**How to complete this task:**
An exact transcript of all the records is the expected answer.

◇ ◇ ◇ ◇

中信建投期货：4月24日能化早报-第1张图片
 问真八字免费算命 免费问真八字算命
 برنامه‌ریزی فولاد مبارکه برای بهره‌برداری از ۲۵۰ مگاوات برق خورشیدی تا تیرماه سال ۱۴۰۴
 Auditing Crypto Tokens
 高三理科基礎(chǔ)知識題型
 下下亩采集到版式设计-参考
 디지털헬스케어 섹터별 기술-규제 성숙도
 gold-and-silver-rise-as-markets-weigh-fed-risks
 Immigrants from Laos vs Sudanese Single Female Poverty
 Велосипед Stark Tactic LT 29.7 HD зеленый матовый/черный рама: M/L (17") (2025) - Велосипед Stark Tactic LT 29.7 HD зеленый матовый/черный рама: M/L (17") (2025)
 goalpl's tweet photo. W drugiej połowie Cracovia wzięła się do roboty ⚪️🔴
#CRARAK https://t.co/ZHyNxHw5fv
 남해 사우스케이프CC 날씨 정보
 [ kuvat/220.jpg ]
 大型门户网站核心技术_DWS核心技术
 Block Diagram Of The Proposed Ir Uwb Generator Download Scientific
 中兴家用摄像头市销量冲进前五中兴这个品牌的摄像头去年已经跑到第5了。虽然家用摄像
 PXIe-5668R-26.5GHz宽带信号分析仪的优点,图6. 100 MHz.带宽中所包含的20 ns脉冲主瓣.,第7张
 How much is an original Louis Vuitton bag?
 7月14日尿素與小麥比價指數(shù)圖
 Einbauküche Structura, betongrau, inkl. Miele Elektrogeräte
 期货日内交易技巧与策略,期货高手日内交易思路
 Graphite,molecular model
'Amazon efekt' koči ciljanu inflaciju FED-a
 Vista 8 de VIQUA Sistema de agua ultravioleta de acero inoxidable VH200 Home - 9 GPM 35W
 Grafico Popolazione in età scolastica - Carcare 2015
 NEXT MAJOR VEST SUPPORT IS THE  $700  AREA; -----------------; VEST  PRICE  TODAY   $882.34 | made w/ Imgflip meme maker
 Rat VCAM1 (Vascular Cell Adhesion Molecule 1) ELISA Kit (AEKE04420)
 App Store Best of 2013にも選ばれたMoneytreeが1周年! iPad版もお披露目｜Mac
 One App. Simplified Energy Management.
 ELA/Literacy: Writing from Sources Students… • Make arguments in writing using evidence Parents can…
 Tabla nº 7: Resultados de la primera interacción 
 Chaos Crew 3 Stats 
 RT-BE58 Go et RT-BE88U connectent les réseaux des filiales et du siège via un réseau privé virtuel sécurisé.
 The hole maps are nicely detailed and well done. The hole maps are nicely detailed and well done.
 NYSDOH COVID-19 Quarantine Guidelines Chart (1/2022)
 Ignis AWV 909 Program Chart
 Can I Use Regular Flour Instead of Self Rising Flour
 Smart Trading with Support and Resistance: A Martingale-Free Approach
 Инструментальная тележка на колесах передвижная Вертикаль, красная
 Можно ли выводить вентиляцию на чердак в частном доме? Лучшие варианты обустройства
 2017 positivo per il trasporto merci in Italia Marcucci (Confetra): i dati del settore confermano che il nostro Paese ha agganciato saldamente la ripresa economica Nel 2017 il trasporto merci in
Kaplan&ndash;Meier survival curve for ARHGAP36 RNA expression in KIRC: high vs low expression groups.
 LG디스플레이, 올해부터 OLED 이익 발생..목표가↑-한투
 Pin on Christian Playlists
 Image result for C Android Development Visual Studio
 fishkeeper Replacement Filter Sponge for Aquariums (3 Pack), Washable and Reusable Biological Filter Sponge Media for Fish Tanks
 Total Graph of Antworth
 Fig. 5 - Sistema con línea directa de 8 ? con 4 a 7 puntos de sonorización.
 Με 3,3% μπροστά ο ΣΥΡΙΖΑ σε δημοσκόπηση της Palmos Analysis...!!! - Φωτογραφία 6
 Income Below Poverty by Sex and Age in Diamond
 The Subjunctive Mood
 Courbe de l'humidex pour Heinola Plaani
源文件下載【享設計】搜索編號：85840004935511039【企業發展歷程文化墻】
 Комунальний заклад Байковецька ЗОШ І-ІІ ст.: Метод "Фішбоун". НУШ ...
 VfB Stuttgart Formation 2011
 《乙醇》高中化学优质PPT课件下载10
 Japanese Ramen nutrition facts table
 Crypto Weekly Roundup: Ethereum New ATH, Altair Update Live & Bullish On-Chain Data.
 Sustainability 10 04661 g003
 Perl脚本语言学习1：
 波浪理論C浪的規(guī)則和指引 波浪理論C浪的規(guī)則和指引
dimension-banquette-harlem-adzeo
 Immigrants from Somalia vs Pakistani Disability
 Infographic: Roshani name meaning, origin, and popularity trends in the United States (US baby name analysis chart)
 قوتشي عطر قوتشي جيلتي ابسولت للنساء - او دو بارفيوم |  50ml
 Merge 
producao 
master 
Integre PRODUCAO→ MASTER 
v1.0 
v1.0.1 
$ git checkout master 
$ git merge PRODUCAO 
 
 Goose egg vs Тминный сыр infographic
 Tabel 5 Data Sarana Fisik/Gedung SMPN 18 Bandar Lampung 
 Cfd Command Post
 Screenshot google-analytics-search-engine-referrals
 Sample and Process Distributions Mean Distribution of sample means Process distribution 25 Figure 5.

◇ ◇ ◇ ◇

**Task output:**
中信建投期货：4月24日能化早报-第1张图片
 问真八字免费算命 免费问真八字算命
 برنامه‌ریزی فولاد مبارکه برای بهره‌برداری از ۲۵۰ مگاوات برق خورشیدی تا تیرماه سال ۱۴۰۴
 Auditing Crypto Tokens
 高三理科基礎(chǔ)知識題型
 下下亩采集到版式设计-参考
 디지털헬스케어 섹터별 기술-규제 성숙도
 gold-and-silver-rise-as-markets-weigh-fed-risks
 Immigrants from Laos vs Sudanese Single Female Poverty
 Велосипед Stark Tactic LT 29.7 HD зеленый матовый/черный рама: M/L (17") (2025) - Велосипед Stark Tactic LT 29.7 HD зеленый матовый/черный рама: M/L (17") (2025)
 goalpl's tweet photo. W drugiej połowie Cracovia wzięła się do roboty ⚪️🔴
#CRARAK https://t.co/ZHyNxHw5fv
 남해 사우스케이프CC 날씨 정보
 [ kuvat/220.jpg ]
 大型门户网站核心技术_DWS核心技术
 Block Diagram Of The Proposed Ir Uwb Generator Download Scientific
 中兴家用摄像头市销量冲进前五中兴这个品牌的摄像头去年已经跑到第5了。虽然家用摄像
 PXIe-5668R-26.5GHz宽带信号分析仪的优点,图6. 100 MHz.带宽中所包含的20 ns脉冲主瓣.,第7张
 How much is an original Louis Vuitton bag?
 7月14日尿素與小麥比價指數(shù)圖
 Einbauküche Structura, betongrau, inkl. Miele Elektrogeräte
 期货日内交易技巧与策略,期货高手日内交易思路
 Graphite,molecular model
'Amazon efekt' koči ciljanu inflaciju FED-a
 Vista 8 de VIQUA Sistema de agua ultravioleta de acero inoxidable VH200 Home - 9 GPM 35W
 Grafico Popolazione in età scolastica - Carcare 2015
 NEXT MAJOR VEST SUPPORT IS THE  $700  AREA; -----------------; VEST  PRICE  TODAY   $882.34 | made w/ Imgflip meme maker
 Rat VCAM1 (Vascular Cell Adhesion Molecule 1) ELISA Kit (AEKE04420)
 App Store Best of 2013にも選ばれたMoneytreeが1周年! iPad版もお披露目｜Mac
 One App. Simplified Energy Management.
 ELA/Literacy: Writing from Sources Students… • Make arguments in writing using evidence Parents can…
 Tabla nº 7: Resultados de la primera interacción 
 Chaos Crew 3 Stats 
 RT-BE58 Go et RT-BE88U connectent les réseaux des filiales et du siège via un réseau privé virtuel sécurisé.
 The hole maps are nicely detailed and well done. The hole maps are nicely detailed and well done.
 NYSDOH COVID-19 Quarantine Guidelines Chart (1/2022)
 Ignis AWV 909 Program Chart
 Can I Use Regular Flour Instead of Self Rising Flour
 Smart Trading with Support and Resistance: A Martingale-Free Approach
 Инструментальная тележка на колесах передвижная Вертикаль, красная
 Можно ли выводить вентиляцию на чердак в частном доме? Лучшие варианты обустройства
 2017 positivo per il trasporto merci in Italia Marcucci (Confetra): i dati del settore confermano che il nostro Paese ha agganciato saldamente la ripresa economica Nel 2017 il trasporto merci in
Kaplan&ndash;Meier survival curve for ARHGAP36 RNA expression in KIRC: high vs low expression groups.
 LG디스플레이, 올해부터 OLED 이익 발생..목표가↑-한투
 Pin on Christian Playlists
 Image result for C Android Development Visual Studio
 fishkeeper Replacement Filter Sponge for Aquariums (3 Pack), Washable and Reusable Biological Filter Sponge Media for Fish Tanks
 Total Graph of Antworth
 Fig. 5 - Sistema con línea directa de 8 ? con 4 a 7 puntos de sonorización.
 Με 3,3% μπροστά ο ΣΥΡΙΖΑ σε δημοσκόπηση της Palmos Analysis...!!! - Φωτογραφία 6
 Income Below Poverty by Sex and Age in Diamond
 The Subjunctive Mood
 Courbe de l'humidex pour Heinola Plaani
源文件下載【享設計】搜索編號：85840004935511039【企業發展歷程文化墻】
 Комунальний заклад Байковецька ЗОШ І-ІІ ст.: Метод "Фішбоун". НУШ ...
 VfB Stuttgart Formation 2011
 《乙醇》高中化学优质PPT课件下载10
 Japanese Ramen nutrition facts table
 Crypto Weekly Roundup: Ethereum New ATH, Altair Update Live & Bullish On-Chain Data.
 Sustainability 10 04661 g003
 Perl脚本语言学习1：
 波浪理論C浪的規(guī)則和指引 波浪理論C浪的規(guī)則和指引
dimension-banquette-harlem-adzeo
 Immigrants from Somalia vs Pakistani Disability
 Infographic: Roshani name meaning, origin, and popularity trends in the United States (US baby name analysis chart)
 قوتشي عطر قوتشي جيلتي ابسولت للنساء - او دو بارفيوم |  50ml
 Merge 
producao 
master 
Integre PRODUCAO→ MASTER 
v1.0 
v1.0.1 
$ git checkout master 
$ git merge PRODUCAO 
 
 Goose egg vs Тминный сыр infographic
 Tabel 5 Data Sarana Fisik/Gedung SMPN 18 Bandar Lampung 
 Cfd Command Post
 Screenshot google-analytics-search-engine-referrals
 Sample and Process Distributions Mean Distribution of sample means Process distribution 25 Figure 5.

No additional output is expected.